What is your long-term vision for the ICT sector in Lebanon and the country itself?

“Internet penetration is less than 30% and this will

continue to grow for natural reasons in the mean time.”

If reform is taken up this should reach 70% within the next few years because the demand is there but the need has been unmet.  We have been in the market since 1994 first in the cellular sector and now in the broadband internet sector and we intend to remain a player while we encounter consolidation and growth in the market.

Speaking of consolidation, you too could become part of an acquisition as a small company.  How do you remain competitive?

We are looking all of the various possible scenarios.  We recently created a product targeted towards corporate/businesses because these services never stop growing.  We serve many of the banks in Lebanon , all of the country, and this is a very steady stream of income for us that we intend to increase over time with the provision of complete solutions and services.  We have considered the possibility of acquisition but we are also looking at our own acquisitions and/or mergers.  I believe that as an entity we will continue to operate in broadband and telecom in Lebanon for years to come.

How do you structure your communications and marketing strategy given the current climate in Lebanon?

This is a difficult we face regularly.  We prepare our marketing budget and strategy yet we face specific roadblocks along the way that prevent you from doing things.  There are always various levels of marketing that you can do as we take things as they come.  Over the past few years we have survived and even grown during difficult times (2006 war) and continued to operate.  Growth increases because internet demand increases at home and work during difficult times.

Would you like to enter any other domains?

We have looked at this in the past looking at web services,etc. Ultimately as a data/ISP, once you have reform and liberalization, an ISP does not provide internet and access only but also value-added services.  At one point we were the leader in this area in Lebanon and now we are looking at this again for ways to improve.  We would also like to provide VOIP when regulations allow for it.  Also, we went abroad to look at new markets and this is why we have operations in Africa (four mobile operations) and nine WiMax licenses (with two currently operational).  We have looked to the Middle East and from 2003-2007 we managed operations with the state-owned internet services in Iraq and increased their subscriptions from 5000 to 250,000.  The organization was profitable but in 2007 due to security and political pressures we pulled out.  Today we are looking at that again and due to the peace we see there we are looking at entering Iraq again.  Syria is a virgin market that remains to be tapped so there is potential there for business as well.

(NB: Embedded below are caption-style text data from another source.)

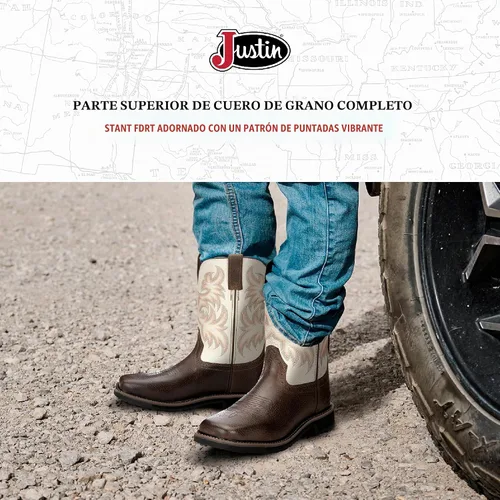 Vista 6 de Justin Botas de trabajo blancas Stampede Sq Toe para hombre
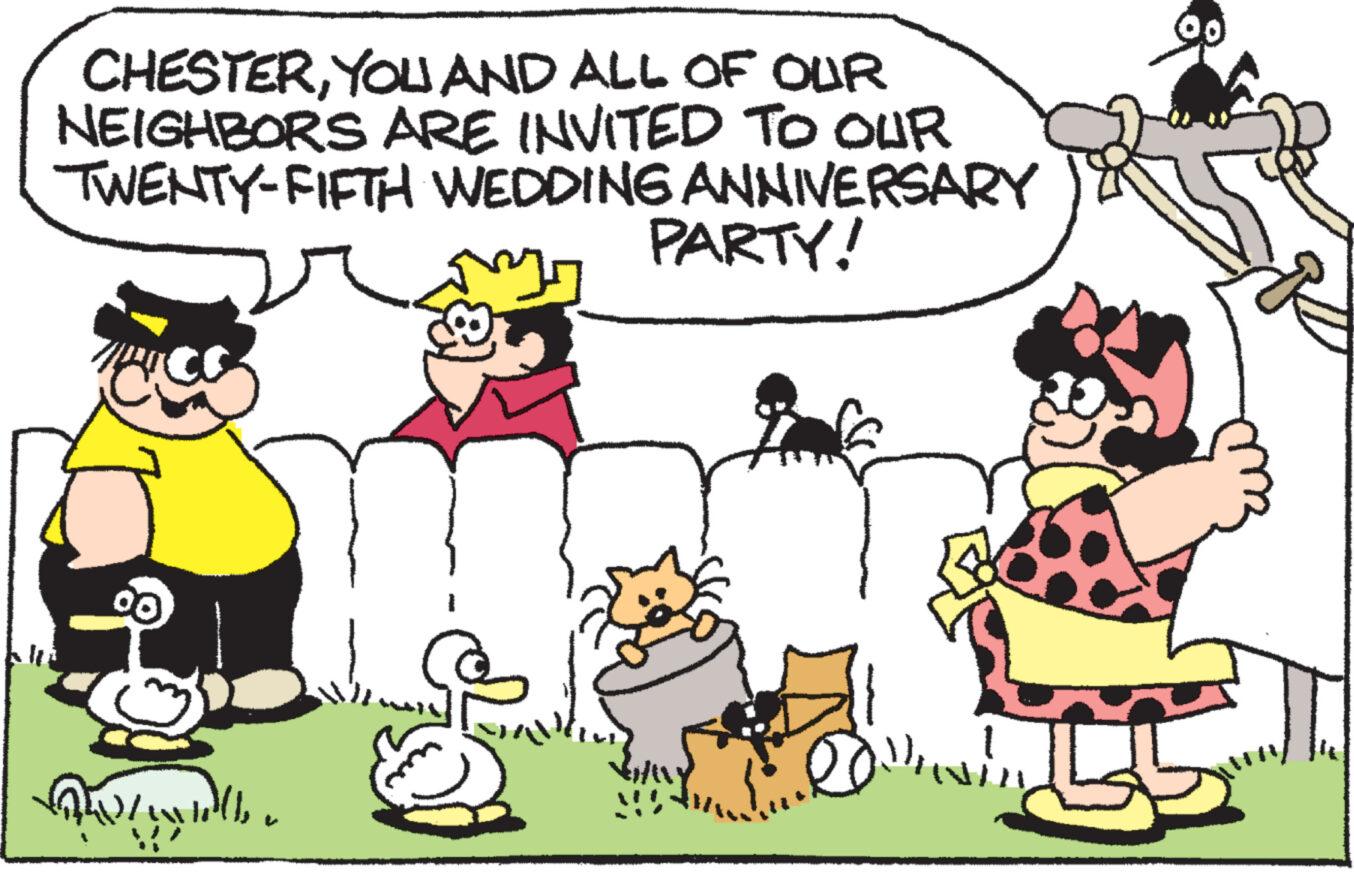 Mammal OCR: CHESTERYOU AND ALL OF OUR NEIGHBORS ARE INVITED TO OUR TWENTY-FIFTH WEDDING ANNIVERSARY PARTY! m Lewelle ROVIN CHESTERYOU AND ALL OF OUR NEIGHBORS ARE INVITED TO OUR TWENTY - FIFTH WEDDING ANNIVERSARY PARTY ! m Lewelle ROVIN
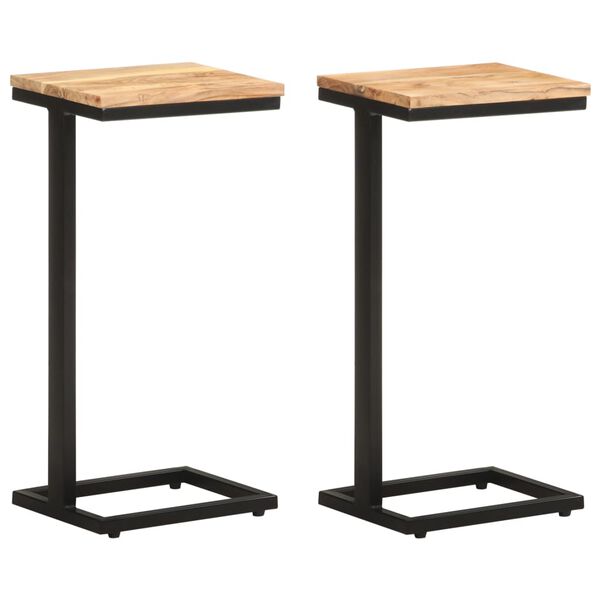 vidaXL Tables d'appoint 2 pcs 31,5x24,5x64,5 cm Bois d'acacia solide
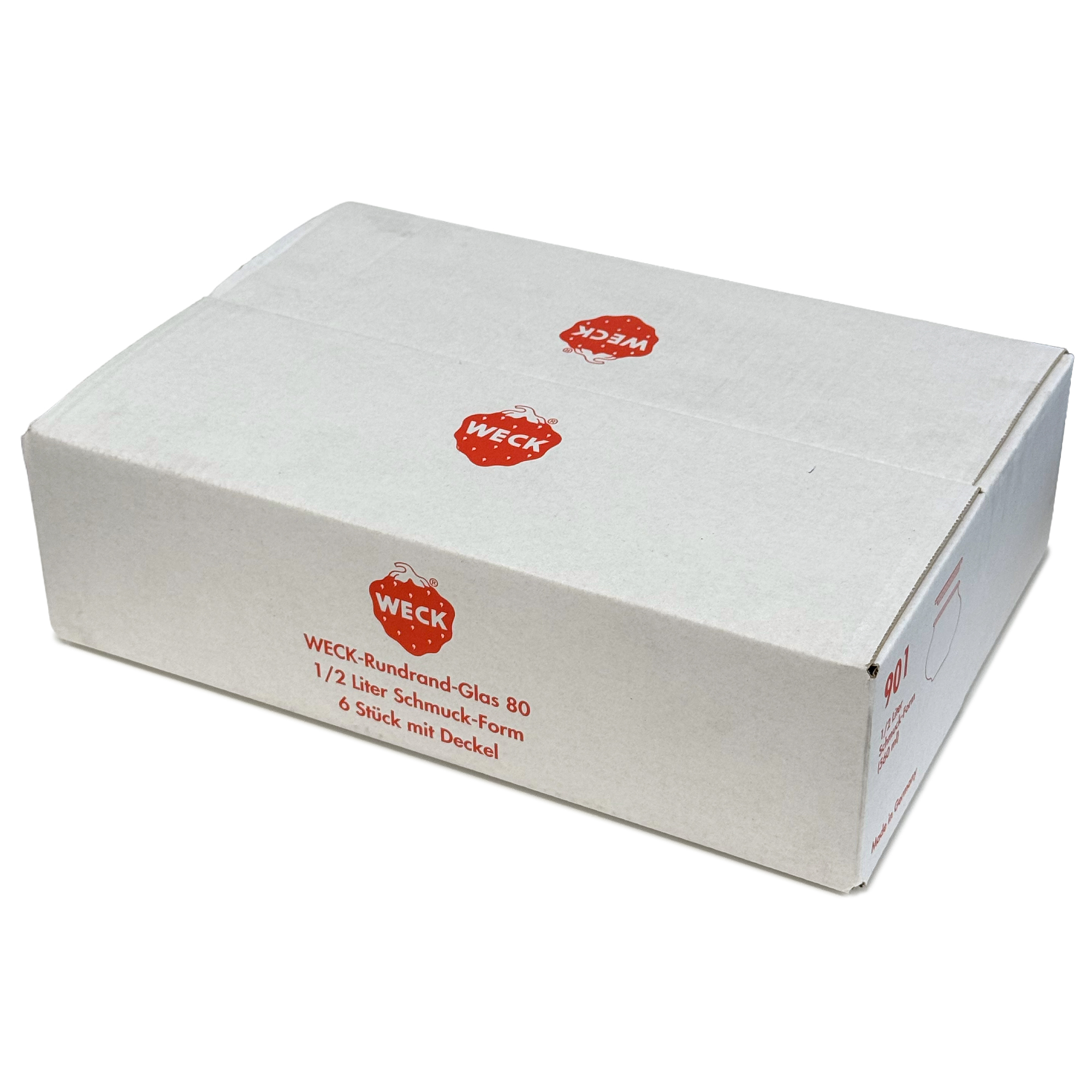 6x 560 ml WECK-dekoratívna nádoba so skleneným viečkom RR 80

How can the international business community help you with the challenges you are facing in Lebanon?

We have considered partnering with equity business investors in Africa, for example and at the moment we are talking to financial institutions in Paris.  The networks we want to deploy wireless (Lebanon, Iraq, and Syria in the future) require a large investment and we would like to share the risk with these financial institutions.

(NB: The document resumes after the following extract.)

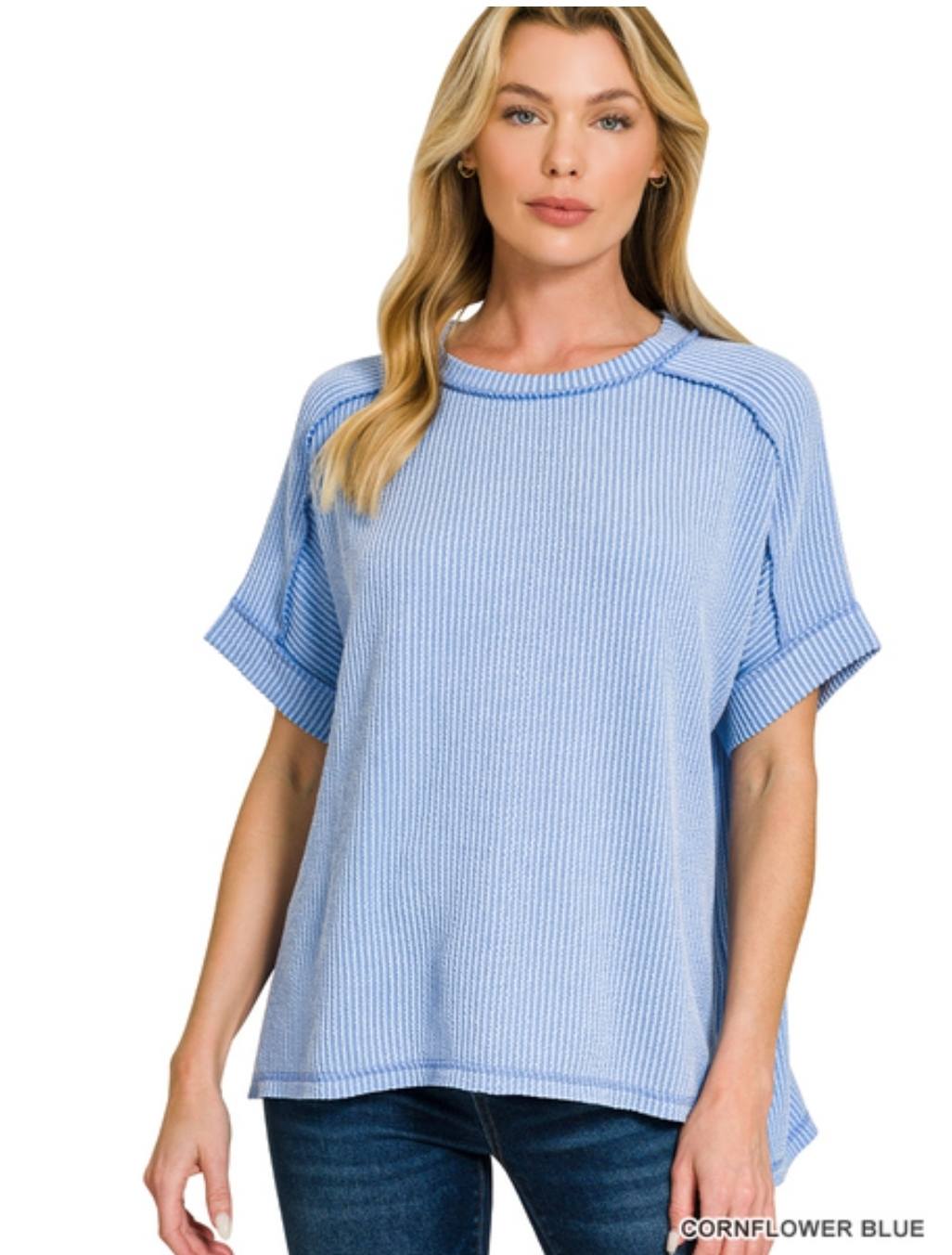 Raised Ribbed  Short Sleeve Tees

“In general, the finance and business community

should look at Lebanon as a safe haven for investment .”

The World Bank expected Lebanon to see growth of 4% in 2009 yet we saw around 7% so things are positive. 

Why should financial institutions want to partner with you instead of other players in the market?

We probably have more difficult conditions for partnerships but we are established and proven ourselves since 1994 and been successful.  We are a well established, experienced partner with know how for both Lebanon and the MENA region.  In the Middle East you would not seek big partners where internet/data is a small portion of revenue.  For Africa, we are seeking mostly equity investors to share risk with as we expand.